DATA SECTION below:

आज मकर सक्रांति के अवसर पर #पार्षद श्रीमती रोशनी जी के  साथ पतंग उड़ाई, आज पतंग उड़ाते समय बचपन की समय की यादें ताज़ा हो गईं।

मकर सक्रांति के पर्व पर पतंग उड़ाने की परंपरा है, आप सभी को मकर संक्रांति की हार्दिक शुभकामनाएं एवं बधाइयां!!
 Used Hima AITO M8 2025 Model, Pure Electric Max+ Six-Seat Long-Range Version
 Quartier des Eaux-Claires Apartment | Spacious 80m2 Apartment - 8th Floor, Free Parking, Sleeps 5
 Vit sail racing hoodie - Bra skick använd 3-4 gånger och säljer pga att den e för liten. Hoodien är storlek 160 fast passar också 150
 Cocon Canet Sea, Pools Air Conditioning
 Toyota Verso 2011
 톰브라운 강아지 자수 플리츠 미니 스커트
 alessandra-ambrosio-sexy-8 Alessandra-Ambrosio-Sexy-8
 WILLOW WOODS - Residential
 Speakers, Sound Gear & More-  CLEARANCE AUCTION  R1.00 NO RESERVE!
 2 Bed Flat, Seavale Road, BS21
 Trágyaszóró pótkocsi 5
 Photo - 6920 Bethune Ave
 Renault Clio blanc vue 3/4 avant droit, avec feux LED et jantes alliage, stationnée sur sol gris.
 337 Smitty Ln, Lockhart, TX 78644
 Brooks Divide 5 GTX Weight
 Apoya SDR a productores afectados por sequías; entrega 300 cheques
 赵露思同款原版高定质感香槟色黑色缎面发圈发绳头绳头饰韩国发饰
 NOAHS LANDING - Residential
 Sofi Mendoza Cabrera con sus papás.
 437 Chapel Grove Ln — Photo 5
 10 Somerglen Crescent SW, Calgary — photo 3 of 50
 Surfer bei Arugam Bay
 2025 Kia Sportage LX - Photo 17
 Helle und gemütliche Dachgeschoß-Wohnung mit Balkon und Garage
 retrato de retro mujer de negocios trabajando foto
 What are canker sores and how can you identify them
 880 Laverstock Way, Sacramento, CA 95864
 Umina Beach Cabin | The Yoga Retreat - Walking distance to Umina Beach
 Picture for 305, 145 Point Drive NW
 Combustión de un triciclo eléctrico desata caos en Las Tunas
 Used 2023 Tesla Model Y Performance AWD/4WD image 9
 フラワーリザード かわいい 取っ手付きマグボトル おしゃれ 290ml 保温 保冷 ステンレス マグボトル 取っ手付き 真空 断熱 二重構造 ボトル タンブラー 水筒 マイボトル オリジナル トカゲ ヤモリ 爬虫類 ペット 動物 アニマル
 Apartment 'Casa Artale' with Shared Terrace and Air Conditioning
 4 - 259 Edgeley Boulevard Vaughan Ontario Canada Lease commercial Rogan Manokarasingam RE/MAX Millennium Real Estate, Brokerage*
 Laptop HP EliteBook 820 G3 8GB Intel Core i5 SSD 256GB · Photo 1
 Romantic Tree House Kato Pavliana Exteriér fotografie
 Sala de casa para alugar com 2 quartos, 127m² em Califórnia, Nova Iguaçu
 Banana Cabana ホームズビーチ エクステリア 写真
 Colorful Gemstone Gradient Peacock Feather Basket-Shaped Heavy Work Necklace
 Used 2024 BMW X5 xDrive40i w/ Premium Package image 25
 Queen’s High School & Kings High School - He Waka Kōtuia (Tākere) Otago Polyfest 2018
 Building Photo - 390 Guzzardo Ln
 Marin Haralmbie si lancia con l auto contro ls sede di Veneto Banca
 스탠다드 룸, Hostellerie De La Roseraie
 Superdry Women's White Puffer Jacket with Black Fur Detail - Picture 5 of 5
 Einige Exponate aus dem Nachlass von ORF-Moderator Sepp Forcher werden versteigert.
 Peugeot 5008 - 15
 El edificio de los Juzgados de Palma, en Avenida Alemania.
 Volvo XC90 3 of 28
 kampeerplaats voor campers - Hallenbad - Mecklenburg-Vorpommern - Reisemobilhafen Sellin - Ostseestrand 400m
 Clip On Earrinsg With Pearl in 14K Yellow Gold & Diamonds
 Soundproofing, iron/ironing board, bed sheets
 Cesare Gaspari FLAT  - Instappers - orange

End of DATA SECTION.

◆ **TASK GOAL**:
Lines to set down from above: the line with "Toyota Verso 2011", the line with "Sofi Mendoza Cabrera con sus papás.", and every line between, each exactly as written.

◆ **RESULT**:
 Toyota Verso 2011
 톰브라운 강아지 자수 플리츠 미니 스커트
 alessandra-ambrosio-sexy-8 Alessandra-Ambrosio-Sexy-8
 WILLOW WOODS - Residential
 Speakers, Sound Gear & More-  CLEARANCE AUCTION  R1.00 NO RESERVE!
 2 Bed Flat, Seavale Road, BS21
 Trágyaszóró pótkocsi 5
 Photo - 6920 Bethune Ave
 Renault Clio blanc vue 3/4 avant droit, avec feux LED et jantes alliage, stationnée sur sol gris.
 337 Smitty Ln, Lockhart, TX 78644
 Brooks Divide 5 GTX Weight
 Apoya SDR a productores afectados por sequías; entrega 300 cheques
 赵露思同款原版高定质感香槟色黑色缎面发圈发绳头绳头饰韩国发饰
 NOAHS LANDING - Residential
 Sofi Mendoza Cabrera con sus papás.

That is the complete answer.